─── Material to process

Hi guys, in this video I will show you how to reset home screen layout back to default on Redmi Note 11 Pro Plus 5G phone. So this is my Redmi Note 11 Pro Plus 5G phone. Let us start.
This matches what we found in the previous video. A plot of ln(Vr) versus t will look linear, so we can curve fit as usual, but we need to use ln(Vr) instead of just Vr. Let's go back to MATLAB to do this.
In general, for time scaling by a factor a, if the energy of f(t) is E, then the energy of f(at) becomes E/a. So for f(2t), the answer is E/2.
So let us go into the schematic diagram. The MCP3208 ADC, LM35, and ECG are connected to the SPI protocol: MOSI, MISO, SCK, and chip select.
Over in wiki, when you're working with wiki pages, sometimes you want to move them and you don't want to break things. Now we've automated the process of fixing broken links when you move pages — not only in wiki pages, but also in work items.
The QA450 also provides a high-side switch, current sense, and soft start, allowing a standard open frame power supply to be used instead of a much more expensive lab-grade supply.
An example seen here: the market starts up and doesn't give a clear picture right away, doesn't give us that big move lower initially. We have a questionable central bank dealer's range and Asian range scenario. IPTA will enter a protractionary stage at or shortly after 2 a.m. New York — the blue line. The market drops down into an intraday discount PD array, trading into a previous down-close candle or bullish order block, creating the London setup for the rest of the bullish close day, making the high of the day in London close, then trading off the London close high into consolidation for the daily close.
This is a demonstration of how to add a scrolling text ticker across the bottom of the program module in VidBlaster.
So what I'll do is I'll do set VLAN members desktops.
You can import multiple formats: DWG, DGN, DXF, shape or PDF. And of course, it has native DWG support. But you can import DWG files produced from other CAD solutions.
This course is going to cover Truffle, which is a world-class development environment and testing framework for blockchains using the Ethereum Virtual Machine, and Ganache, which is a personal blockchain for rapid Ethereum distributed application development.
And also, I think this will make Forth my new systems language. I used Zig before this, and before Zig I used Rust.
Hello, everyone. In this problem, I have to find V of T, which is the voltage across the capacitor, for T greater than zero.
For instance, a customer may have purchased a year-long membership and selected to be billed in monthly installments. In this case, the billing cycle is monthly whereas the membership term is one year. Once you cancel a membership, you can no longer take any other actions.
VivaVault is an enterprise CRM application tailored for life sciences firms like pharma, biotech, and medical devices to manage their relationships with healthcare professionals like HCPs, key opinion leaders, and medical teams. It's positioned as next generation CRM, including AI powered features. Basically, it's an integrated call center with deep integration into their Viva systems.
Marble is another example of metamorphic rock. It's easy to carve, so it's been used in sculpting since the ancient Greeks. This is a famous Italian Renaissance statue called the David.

──────

Exact copies of the lines from the one with "For instance, a" through the final line of the listing should be returned, and no other lines.

[Response to the task]
For instance, a customer may have purchased a year-long membership and selected to be billed in monthly installments. In this case, the billing cycle is monthly whereas the membership term is one year. Once you cancel a membership, you can no longer take any other actions.
VivaVault is an enterprise CRM application tailored for life sciences firms like pharma, biotech, and medical devices to manage their relationships with healthcare professionals like HCPs, key opinion leaders, and medical teams. It's positioned as next generation CRM, including AI powered features. Basically, it's an integrated call center with deep integration into their Viva systems.
Marble is another example of metamorphic rock. It's easy to carve, so it's been used in sculpting since the ancient Greeks. This is a famous Italian Renaissance statue called the David.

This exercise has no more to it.